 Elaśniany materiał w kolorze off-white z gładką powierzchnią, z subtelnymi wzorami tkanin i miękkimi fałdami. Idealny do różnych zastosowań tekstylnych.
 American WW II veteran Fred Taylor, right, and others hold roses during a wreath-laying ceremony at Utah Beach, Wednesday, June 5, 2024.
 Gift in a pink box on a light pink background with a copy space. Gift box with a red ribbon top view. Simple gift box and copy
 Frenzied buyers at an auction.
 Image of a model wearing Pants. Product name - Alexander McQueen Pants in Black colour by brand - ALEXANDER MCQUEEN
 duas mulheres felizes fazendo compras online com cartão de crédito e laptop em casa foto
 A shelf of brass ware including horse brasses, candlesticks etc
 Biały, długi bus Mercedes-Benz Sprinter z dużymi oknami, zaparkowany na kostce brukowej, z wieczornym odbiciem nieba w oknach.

#####

Restate the listing word for word, but only from its first line through the line with "American WW II", keeping both end lines.

 Elaśniany materiał w kolorze off-white z gładką powierzchnią, z subtelnymi wzorami tkanin i miękkimi fałdami. Idealny do różnych zastosowań tekstylnych.
 American WW II veteran Fred Taylor, right, and others hold roses during a wreath-laying ceremony at Utah Beach, Wednesday, June 5, 2024.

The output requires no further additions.